There was a long silence.

Margot sipped her tea, then asked, ‘Are you implying there is more behind this than we’ve been told?’

‘No, I wouldn’t want to speculate at this stage. I simply have to say that the methodology underpinning the investigation of your daughter’s disappearance is, in my view as an officer of some nineteen years’ experience in the top police force in the UK, wanting. That’s all.’

‘We don’t suspect Roy,’ Margot Balkwill said. ‘Just so you don’t jump to the wrong conclusions.’

‘I’m sure you don’t. Perhaps I should make one thing clear from the outset. My investigation is not a witch hunt. It is merely about closure. Enabling you and your husband to move on.’

‘That will depend, won’t it, on whether our daughter is alive or dead?’

‘Absolutely,’ Cassian Pewe said. He drank some more of his tea, then cleaned his teeth with his tongue. He pulled his card from his pocket and laid it on the table. ‘If there is anything, at any time, you think of that might be helpful for me to know, call me.’

‘Thank you,’ Margot Balkwill said. ‘You are a good man. I can feel it.’

Pewe smiled.

51

OCTOBER 2007

Abby blinked, waking up from a confusing dream to a strange whirring sound. Her stomach was hurting. Her face felt numb. She was freezing cold. Shivering. Staring at cream wall tiles. For a moment she thought she was in a plane, or was it a cabin on a ship?

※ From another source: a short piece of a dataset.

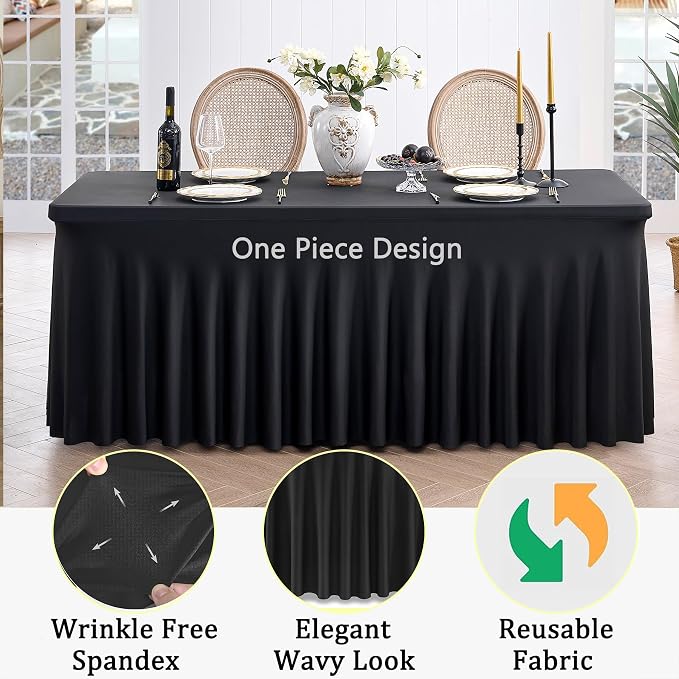 2 Pack Black Spandex Tablecloth for 5 Foot Rectangle Tables, Wrinkle Free Fitted Table Clothes Cover 5ft Stretchy Tablecloths with Skirt for Parties Weddings Birthday Banquet Baby Shower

Then the steady, slow realization that something was very wrong. She couldn’t move. She smelled plastic, grout, tile cement, disinfectant.

Now it was coming back. And with an explosion of swirling darkness inside her, she remembered.

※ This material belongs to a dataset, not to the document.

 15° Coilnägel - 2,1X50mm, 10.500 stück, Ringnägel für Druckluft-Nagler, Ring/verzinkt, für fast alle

Fear shimmied through her. She tried to raise her right arm to touch her face. And that was when she realized she couldn’t move.

Or open her mouth.

Her head was pulled back so much her neck was hurting and something hard was sticking into her back. It was the cistern, she realized. She was seated on the lavatory. It was hard to see anything except straight ahead and she had to strain her eyes to look down. When she did, she became aware she was naked, bound with grey gaffer tape around her midriff, her breasts, her wrists and ankles, her mouth and, she assumed, because that was what it felt like, her forehead.

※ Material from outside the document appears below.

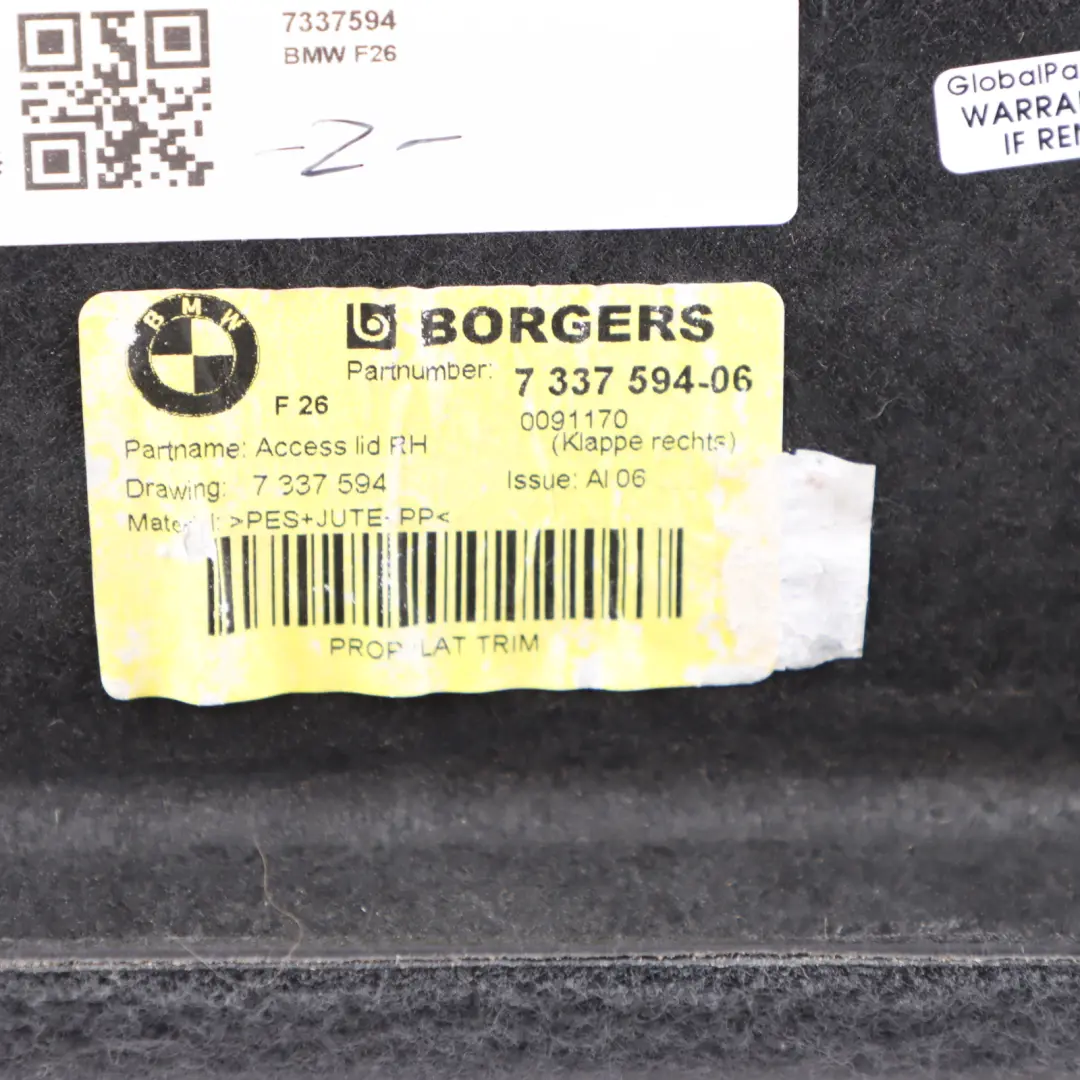 Boot Storage Compartment Trunk Trim Panel Flap Right O/S to BMW X4 F26 with Part number 7337594 BMW X4 F26 Boot Storage Compartment Trunk Trim Panel Flap Right O/S - SKU 7337594 - Part number 7337594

She was in the guest shower room of her flat. Staring at the walk-in shower cabinet, with a packet of expensive soap, never unwrapped, in the dish, a sink and a few towel rails, and the beautifully tiled walls, in cream with Romanesque tiles and a dado rail. There was a door to her right, through to the tiny utility room, in which were crammed a washing machine and tumble dryer, and at the back of which was a fire escape door out on to the stairwell. The main door out on to the hallway, to her left, was ajar.